Le comportement de la salariée manifestant un mode de communication empreint de violence verbale caractérise des griefs sérieux et pertinents, justifiant le bien fondé d’un licenciement pour motif disciplinaire.
Madame [X] [A] soutient que son licenciement trouve sa véritable cause dans les difficultés rencontrées par la société et sa volonté d’éviction des salariés, sans présenter d’éléments à l’appui de cette affirmation.

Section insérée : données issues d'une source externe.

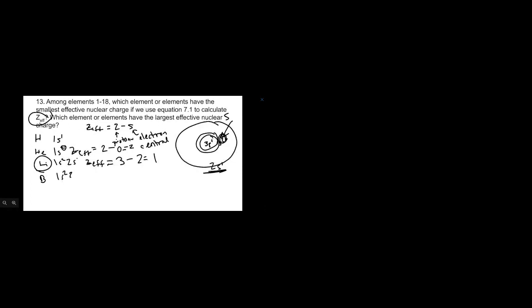We can move on to boron. Boron is 1s2 2s2 2p1. Both of these are in the same shell, so they're not part of the shielding. The only one that's shielding is that 1s2. So the effective for boron has 5 protons minus these 2 from the first energy level, which gives a Z-effective of 3. Again, the 2s2 and 2p1 don't count towards it.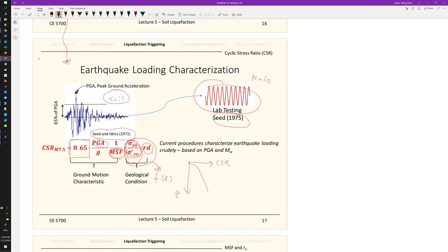He tried to represent earthquake motions by about 10 harmonic motions with an amplitude equal to 65% of the PGA. That was the laboratory modeling approach of the early days and we're still doing it today. That's why Harry Seed is called the father of geotechnical earthquake engineering — he laid down the foundations for us to follow. Nowadays it's possible to perform real-time acceleration time histories in the lab, but it's limited to a few capable facilities and used mainly for research.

La cour retient que la seule mention dans la lettre de licenciement d’une « période difficile » est inopérante pour considérer que le véritable motif du licenciement de la salariée serait économique.
La cour confirme en conséquence le jugement du conseil de prud’hommes en ce qu’il a débouté Madame [X] [A] de sa demande en nullité du licenciement et retenu que le licenciement est fondé sur une cause réelle et sérieuse.
II – Sur les demandes financières
La nullité du licenciement étant écartée, c’est à bon droit que le conseil de prud’hommes a rejeté la demande de dommages et intérêts fondée sur les dispositions de l’article L 1235-3-1 du code du travail.
La cour retenant la cause réelle et sérieuse du licenciement, elle confirme le jugement du conseil de prud’hommes en ce qu’il a débouté Madame [X] [A] de sa demande en dommage et intérêts pour licenciement dépourvu de cause réelle et sérieuse, sans qu’il soit besoin de statuer sur la conventionnalité de l’article L 1235-3 du code du travail.
La cour confirme également le jugement du conseil de prud’hommes en ce qu’il a débouté Madame [X] [A] de sa demande au titre de l’article 700 du code de procédure civile et l’a condamnée aux dépens de première instance.
La cour condamne Madame [X] [A] aux dépens de l’instance d’appel et la déboute de sa demande au titre de l’article 700 du code de procédure civile.
PAR CES MOTIFS
La cour, statuant publiquement par mise à disposition au greffe et contradictoirement,
Confirme en toutes ses dispositions le jugement du conseil de prud’hommes de Martigues du 8 mars 2021 ;
Y ajoutant,
Condamne Madame [X] [A] aux dépens de l’instance d’appel et la déboute de sa demande au titre de l’article 700 du code de procédure civile.